Non è tutto. “Ci sono almeno altre due questioni aperte – spiega Cornwall - La prima riguarda i budget delle quattro franchigie: comunque saranno ridotti, pare, del 30 per cento, e meno soldi significa meno giocatori di qualità, probabilmente meno risultati, meno incassi, un circolo vizioso. La seconda riguarda la regola, solo gallese, dei 60 ‘caps’, cioè presenze ufficiali con la nazionale gallese. Tutti i giocatori che si trovano sotto questa cifra, se andassero a giocare all’estero, dove potrebbero avere contratti certi e stipendi più alti, perderebbero la possibilità di giocare per il Galles, con una perdita nel prestigio, nell’orgoglio, e non solo nei guadagni”.

  

La partita contro l’Italia (sabato alle 15.15 all’Olimpico, diretta televisiva su SkySport1 e TV8) sarà decisiva. “Se prima, a non dover perdere, era solo il Galles – sostiene Cornwall -, adesso, a non dover perdere, è anche l’Italia.
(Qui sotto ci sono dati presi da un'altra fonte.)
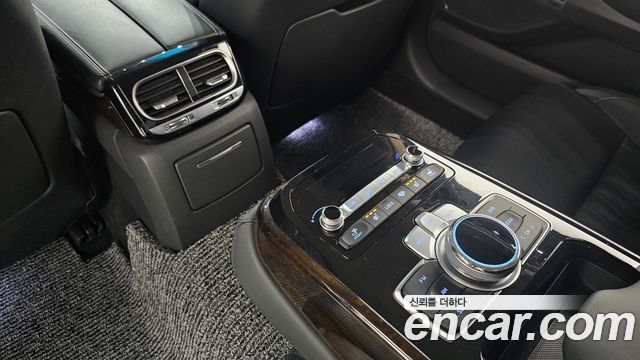 Genesis G90 2019 — photo 18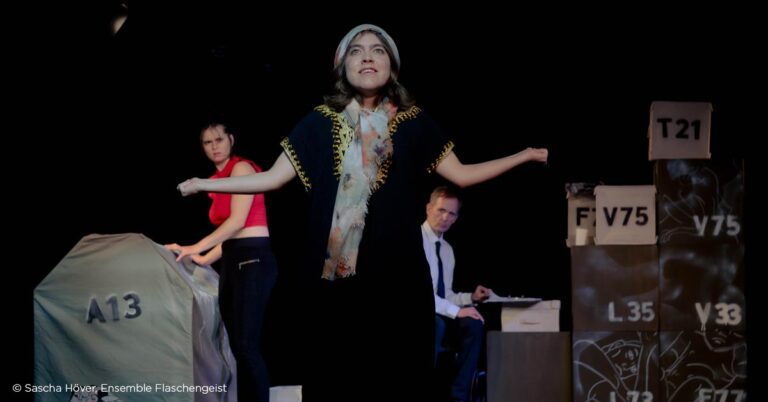 »Jeder hat sein eigenes Grab« – Theaterstück – Ensemble Flaschengeist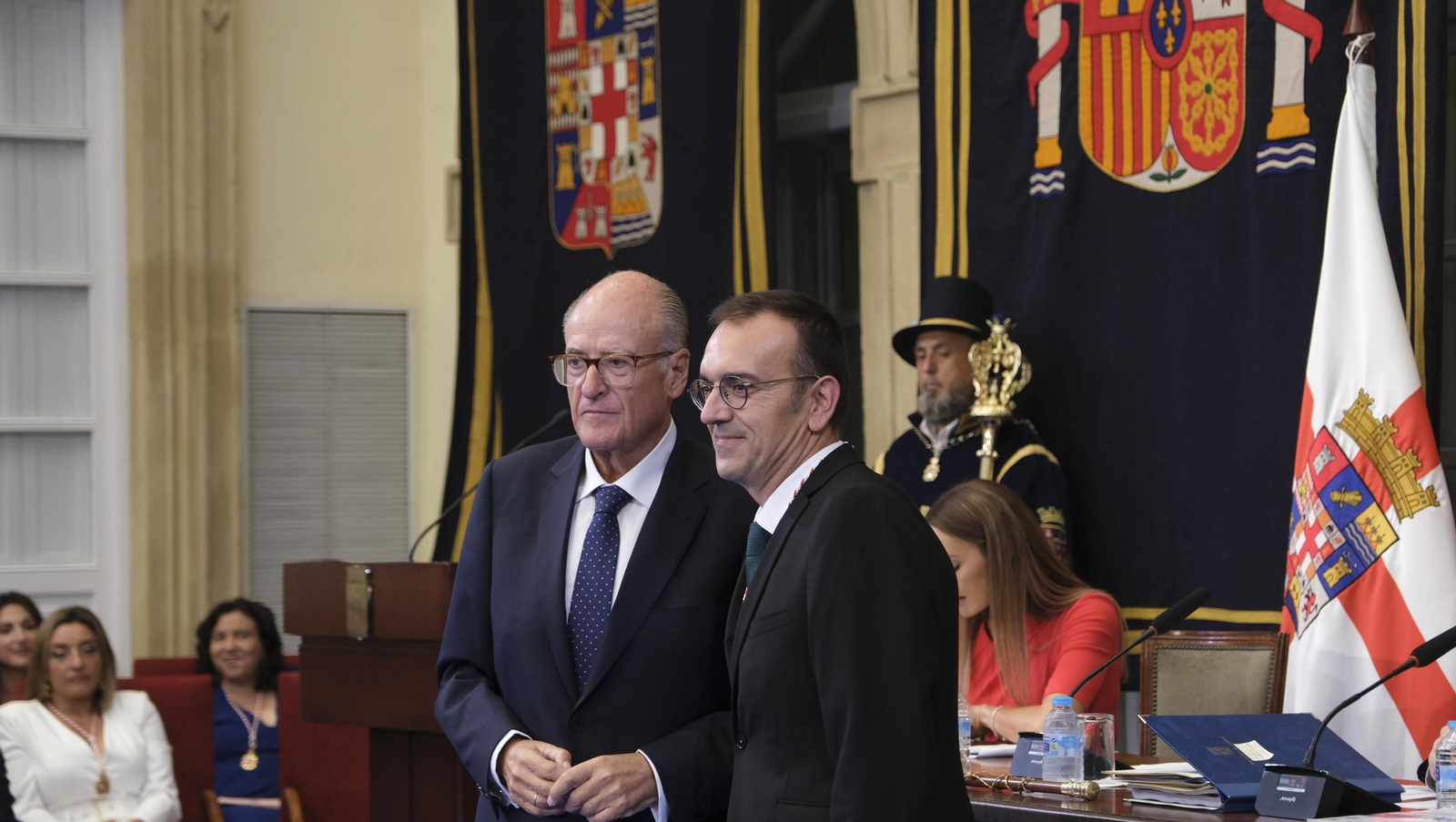 Imágenes del acto de constitución de la Diputación de Almería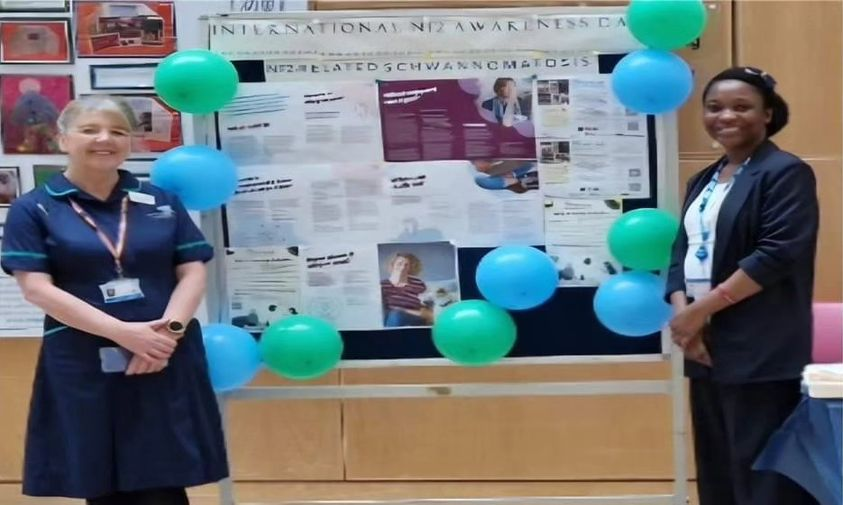 nf2biosolution1's tweet photo. The Oxford NF2 team set out to promote and educate colleagues, patients, and the public about NF2 and about the service offered in Oxford & Southwest Region for patients with NF2-Related Schwannomatosis on NF2 day on May 22nd with @NervetumoursUK & @CanYouHearUsNF2
#NF2Aware #NF2 https://t.co/W005b4SJqE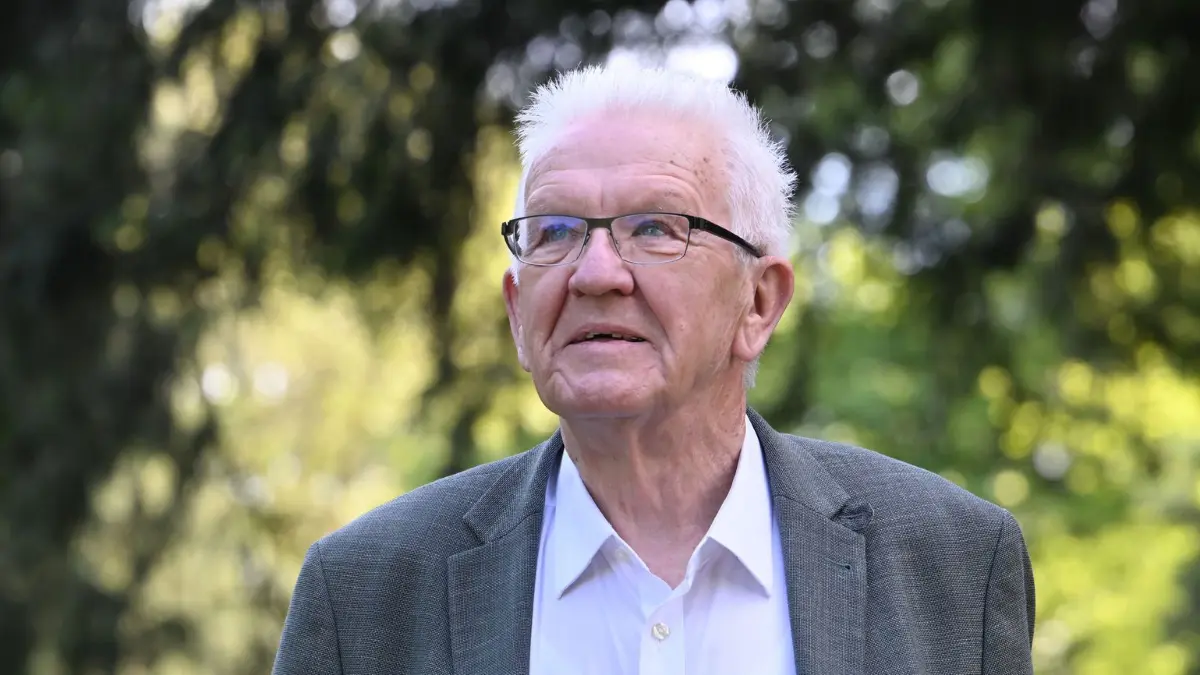 Winfried Kretschmann: Winfried Kretschmann (Bündnis 90/Die Grünen), Ministerpräsident von Baden-Württemberg, nimmt an einem Gespräch mit der Deutschen-Presse Agentur (dpa) auf dem Gelände der Universität Hohenheim teil. (zu dpa: «Kretschmann hat im Ruhestand mehr als fünf Kilo abgenommen»)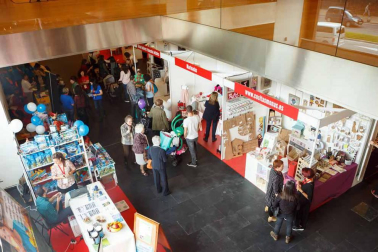Imágenes de la primera jornada de Expofamily en Baluarte.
Per tutte e due è l’occasione per vincerne una ed evitare il cucchiaio di legno. Già un anno fa l’Italia riuscì a battere il Galles, perdipiù a Cardiff, perdipiù di un solo punto, perdipiù all’ultimo istante, interrompendo una striscia di 36 sconfitte consecutive nel torneo. Stavolta l’Italia si presenta più forte. Perché ha dimostrato di essere una squadra. Ed è più giovane, più fresca, più fiduciosa di quella gallese”.